I, for one, think that's great. I see that my last book, "Online! The Book," is in the collection, but this doesn't bother me, because I am apparently one of the few out there who has used Google Book Search. I found it anything but a threat to book sales or anything else to do with publishing.
The fuss over this book-search initiative is idiotic and naïve. It's not as if Google is printing books, or that any of these books are readable as complete editions on Google: They are not.
With many of the books, whole sections are removed and unavailable. You can thumb through a few hard-to-read pages, but that's it.
If you are a researcher, you can find some great quotes with this database. And finding it impossible to resist a vanity search, I found numerous references that I was unaware of.
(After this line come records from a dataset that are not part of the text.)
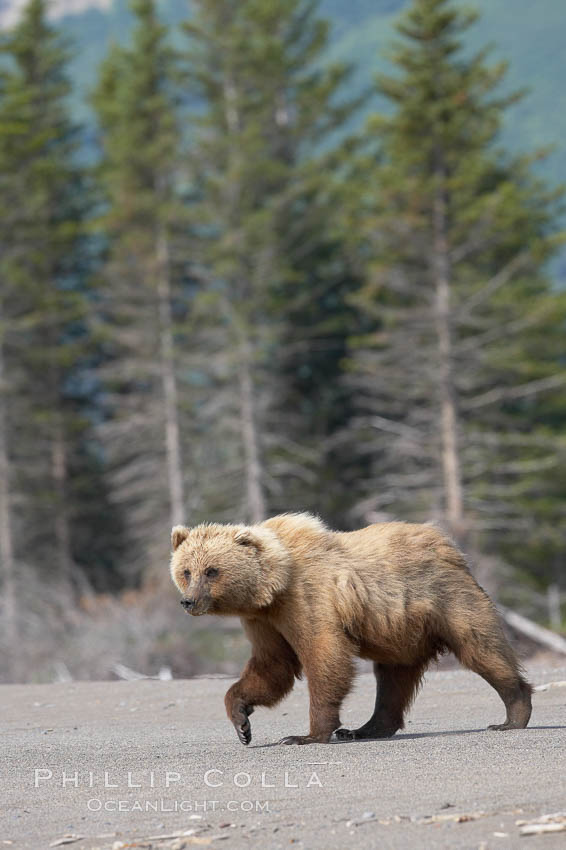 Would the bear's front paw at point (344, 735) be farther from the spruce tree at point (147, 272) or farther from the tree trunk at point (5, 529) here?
the spruce tree at point (147, 272)

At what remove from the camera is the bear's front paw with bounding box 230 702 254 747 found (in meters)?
7.88

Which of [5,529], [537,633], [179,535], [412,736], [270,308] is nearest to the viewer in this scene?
[412,736]

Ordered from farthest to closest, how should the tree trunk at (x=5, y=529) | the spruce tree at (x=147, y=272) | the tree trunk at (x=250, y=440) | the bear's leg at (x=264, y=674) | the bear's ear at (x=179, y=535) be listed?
the spruce tree at (x=147, y=272) < the tree trunk at (x=250, y=440) < the tree trunk at (x=5, y=529) < the bear's ear at (x=179, y=535) < the bear's leg at (x=264, y=674)

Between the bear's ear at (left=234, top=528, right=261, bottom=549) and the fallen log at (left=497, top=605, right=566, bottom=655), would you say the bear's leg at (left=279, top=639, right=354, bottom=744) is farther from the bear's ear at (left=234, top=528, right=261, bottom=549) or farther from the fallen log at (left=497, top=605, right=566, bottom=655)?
the fallen log at (left=497, top=605, right=566, bottom=655)

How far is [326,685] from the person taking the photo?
25.6 feet

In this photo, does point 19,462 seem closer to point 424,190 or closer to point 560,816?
point 424,190

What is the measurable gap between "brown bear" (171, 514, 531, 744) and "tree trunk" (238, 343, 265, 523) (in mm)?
27933

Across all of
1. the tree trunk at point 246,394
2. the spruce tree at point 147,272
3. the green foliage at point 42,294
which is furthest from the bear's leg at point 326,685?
the green foliage at point 42,294

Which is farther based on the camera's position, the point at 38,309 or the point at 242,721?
the point at 38,309

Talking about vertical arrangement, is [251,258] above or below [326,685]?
above

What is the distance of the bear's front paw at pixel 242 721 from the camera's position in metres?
7.88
This is a research tool and a public resource most of all, and it is no threat to writers or publishers.
It's too bad that this supposedly intellectual crowd doesn't understand this — it indicates how far down the societal pecking order they have fallen during the rise of the technological society.
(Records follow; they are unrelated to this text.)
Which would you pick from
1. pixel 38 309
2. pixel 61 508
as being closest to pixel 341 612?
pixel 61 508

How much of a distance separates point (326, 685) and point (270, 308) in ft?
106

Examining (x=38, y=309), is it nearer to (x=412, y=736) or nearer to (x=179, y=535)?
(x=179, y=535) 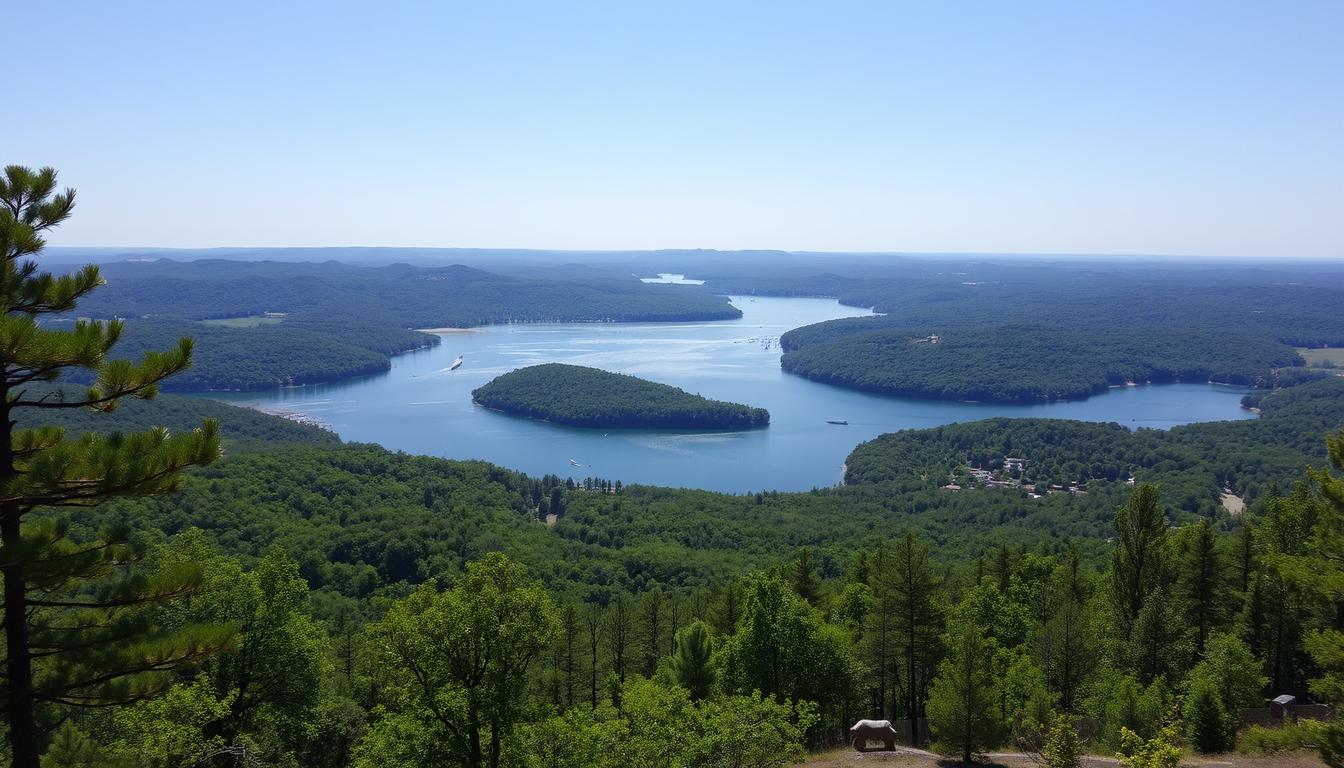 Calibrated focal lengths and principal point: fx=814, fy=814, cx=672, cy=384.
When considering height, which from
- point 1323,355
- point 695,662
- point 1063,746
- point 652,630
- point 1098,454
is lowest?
point 1098,454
The sad part is that this database will actually enlarge the fortunes of the publishing industry and writers alike by improving the accessibility of lesser-known works. Joe Schmo will get due credit for his early remarks about a topic rather than simply being ripped off by other writers.
Most popular books are derivative. The guy with the original idea is most likely living in obscurity.
Too bad writers can't see the benefits of universal access to their works. It's possible to increase sales if people actually know you exist.
Apparently writers would rather live and die in obscurity than have their books scanned and available for sampling. Nobody ever accused today's writers of being marketers. No Mark Twains in this crowd.
Google takes a lot of flak now for almost everything it does. Why? Do its products suck? Are its innocuous advertisements going to destroy Western civilization or even Madison Avenue?
Google has created a money machine that could probably operate with no employees for a few years until its servers finally crashed. I see no evidence that the company is trying to crush Yahoo!, AlltheWeb, or other competitors the way Microsoft did to Digital Research, Borland, and the rest. And Google isn't making Microsoft-like public threats and blowing smoke.
We have to remember that the guys who run Google are Burning Man goofballs who drive around in Toyota Prius cars despite being billionaires, and they like to party. They are not mean-spirited maniacs, psychopaths or executives from the semiconductor business.
It cracks me up that since day one of the Internet explosion, in the 1990s, everyone has been talking about digitizing the world's books.
Anyone in high tech remembers how this was a big deal. It was "information at your fingertips."
There was a collective lament about how long it would take to digitize the Library of Congress. Some said decades; others, 100 years.
But except for some photos and art, the process never really began. We were no closer to a digital collection of all the world's books than we are now. Or at least until Google finally started doing it on its own.
Now we're complaining! Unbelievable.
When Google began this, I surmised that it was just another way to boost ad revenues with more page views. But now I'm guessing that if there is any mercantile angle, it's to sell the books themselves.
And you can be sure that book sales would increase with this mechanism in place, a reality ignored by the protesting writers and publishers. They bank on the superstition that this will somehow hurt sales. "It's stealing!" Shades of the RIAA.
In fact, I suspect that this won't even be a money-maker for Google; it's probably a loss leader. Meanwhile, Google is creating a new public resource that should be given a Nobel Peace Prize. It could become an international treasure.
Instead, we hear complaints. "Burn the witch."
I suppose that some of this stems from the general distrust of public companies — an indictment of current business ethics. But Google has shown no real signs of being untrustworthy.
How about this for an idea: When the company does show signs of being up to no good, then go after it. For now, leave Google alone.